The track list here is culled from a 2006 tour and then meshed together to feel like one entire show. It is a diverse selection of tracks that covers songs from any and all Decemberists releases that predate The Crane Wife, as well as songs from Meloy's old band Tarkio, and some rare material. The songs fans are most likely to be familiar with, the Decemberists material, are the most interesting thing about this release. To see the songs in a barer state should shed them in a new light.

Of course, should is the operative word. For the most part, to hear Meloy play these songs solo is not much different from the full-band versions. "The Engine Driver" and "We Both Go Down Together" sound good solo, but no more intimate for the lack of instrumentation. "Red Right Ankle" is good, too, but sounds nearly identical to its studio counterpart.

Where Meloy takes his risks here are on longer tracks. He tries his hand at "The Gymnast High Above the Ground" and "California One / Youth and Beauty Brigade" and the results are mixed. Of the two, "The Gymnast High Above the Ground" fares better, since it doesn't have all the crucial changes that "California One" has. In fact, in some ways "The Gymnast High Above the Ground" works better here than on record, since it sounds more inviting without all the production sheen of the Her Majesty record. Meanwhile, Meloy can't quite figure out what to do on his own with the breakdown in the middle of "California One", and while he taps his inner Morrissey fanboy at the end of the track, singing a bit of the Smiths' "Ask", the small surprise isn't enough to make the song work.

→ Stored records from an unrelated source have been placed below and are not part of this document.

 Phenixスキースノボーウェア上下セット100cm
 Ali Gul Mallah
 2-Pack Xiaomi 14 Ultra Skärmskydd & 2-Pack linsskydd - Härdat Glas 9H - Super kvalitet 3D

That sort of surprise works much better when he delivers his stripped-down version of "Here I Dreamt I Was an Architect". The song is one of the best performances here, and supports the theory that the band started as a folk act and have slowly (and not necessarily badly) veered away from that path. At the end of the song, he drifts into Fleetwood Mac's "Dreams". And while he only sings a few lines, he belts them out and they fit in well with the song. Where "Ask" feels tacked on, "Dreams" sounds meshed in.

The rare songs are just as much of a mixed bag. New song "Wonder", a tribute to childbirth and Meloy's new role as parent, is a little too lyrically goofy for its serious tone. The Shirley Collins-arranged "Barbara Allen" is solid, but his insistence on pronouncing the title name "Barbry" is grating. The Tarkio track that opens the disc, "Devil's Elbow", is the best of the unknown here, as Meloy lovingly pays tribute to his homeland, the northwest.

And this is the give and take of Colin Meloy Sings Live!. Some of it sounds disappointingly like versions we've already heard. Some of it just doesn't work solo. And some of it succeeds beautifully. As a solo performer, Meloy plays up his dorky charm. He invites the crowd to hear a snippet of "the worst song he ever wrote", called "Dracula's Daughter". He jokingly asks them to head-bang to a Shirley Collins folk song. All in all, Meloy sounds comfortable on stage, which makes some of the slower moments on the disc forgivable, but not forgivable enough for this record to shake the label of "inessential".